Save and load

A fitted Riesz estimator can be persisted two ways:

joblib.dump / joblib.load — the sklearn idiom. Single-file pickle. Works with clone, GridSearchCV, cross_val_predict after loading.
estimator.save(path) / Cls.load(path) — a directory with the backend’s binary payload (xgboost UBJSON, joblib pickle, or kernel coefficients) plus a metadata.json sidecar. Cross-language: R uses the same format.

Both paths round-trip every built-in estimand and loss automatically.

The shared metadata format is defined in rieszreg.estimator.RieszEstimator.save. Backends register their Predictor loader at import time so the inherited load(...) classmethod can hydrate them by predictor_kind.
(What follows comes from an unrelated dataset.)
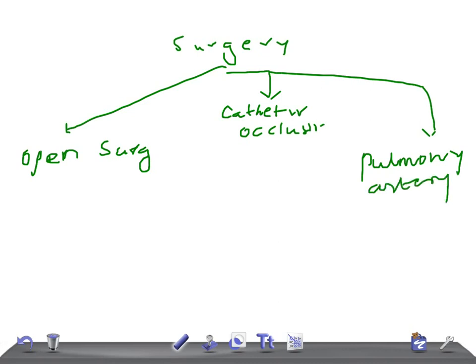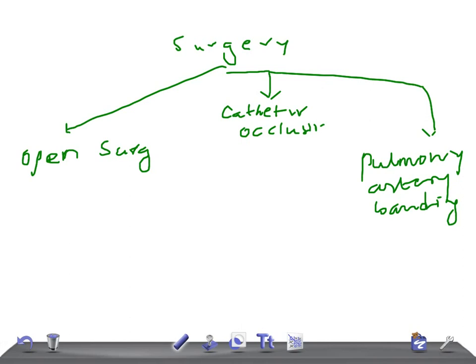In open surgical repair, it's one of the most favored methods. Patch closure of VSD through right ventriculotomy or trans-atrial approach is done, whatever is convenient for the surgeon.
sklearn idiom: `joblib.dump`

import joblib, tempfile, pathlib
import numpy as np, pandas as pd
from rieszboost import RieszBooster
from rieszreg import ATE

rng = np.random.default_rng(0)
n = 800
x = rng.uniform(0, 1, n)
pi = 1 / (1 + np.exp(-(-0.02 * x - x**2 + 4 * np.log(x + 0.3) + 1.5)))
a = rng.binomial(1, pi)
df = pd.DataFrame({"a": a.astype(float), "x": x})

booster = RieszBooster(
    estimand=ATE(),
    n_estimators=200, learning_rate=0.05, max_depth=4,
).fit(df)
preds_before = booster.predict(df)

with tempfile.TemporaryDirectory() as td:
    p = pathlib.Path(td) / "booster.pkl"
    joblib.dump(booster, p)
    loaded = joblib.load(p)
    print("predictions match :", np.array_equal(preds_before, loaded.predict(df)))
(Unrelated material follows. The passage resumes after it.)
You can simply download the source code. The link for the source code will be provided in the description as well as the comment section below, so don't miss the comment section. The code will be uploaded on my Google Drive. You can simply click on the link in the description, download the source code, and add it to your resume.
    # Loaded booster still composes with sklearn:
    from sklearn.base import clone
    cloned = clone(loaded)
    print("clone OK          :", cloned.estimand.name)

['/var/folders/07/xf4cwwjd7nggpmy8y006ww6w0000gq/T/tmp2wp65cs8/booster.pkl']
predictions match : True
clone OK          : ATE

For R-side workflows, use the directory format below. To pickle from R via reticulate:

joblib <- reticulate::import("joblib")
joblib$dump(booster$py, "booster.pkl")
loaded_py <- joblib$load("booster.pkl")
# Wrap loaded_py back into an R6 RieszBooster if needed.

Portable directory format

import numpy as np
import pandas as pd
import tempfile, pathlib
from rieszboost import RieszBooster
from rieszreg import ATE

rng = np.random.default_rng(0)
n = 800
x = rng.uniform(0, 1, n)
pi = 1 / (1 + np.exp(-(-0.02*x - x**2 + 4*np.log(x + 0.3) + 1.5)))
a = rng.binomial(1, pi)
df = pd.DataFrame({"a": a.astype(float), "x": x})

booster = RieszBooster(
    estimand=ATE(),
    n_estimators=200, learning_rate=0.05, max_depth=4,
    early_stopping_rounds=20, validation_fraction=0.2,
).fit(df)
preds_before = booster.predict(df)

with tempfile.TemporaryDirectory() as td:
    save_path = pathlib.Path(td) / "my_alpha"
    booster.save(save_path)
    print("Saved files:", sorted(p.name for p in save_path.iterdir()))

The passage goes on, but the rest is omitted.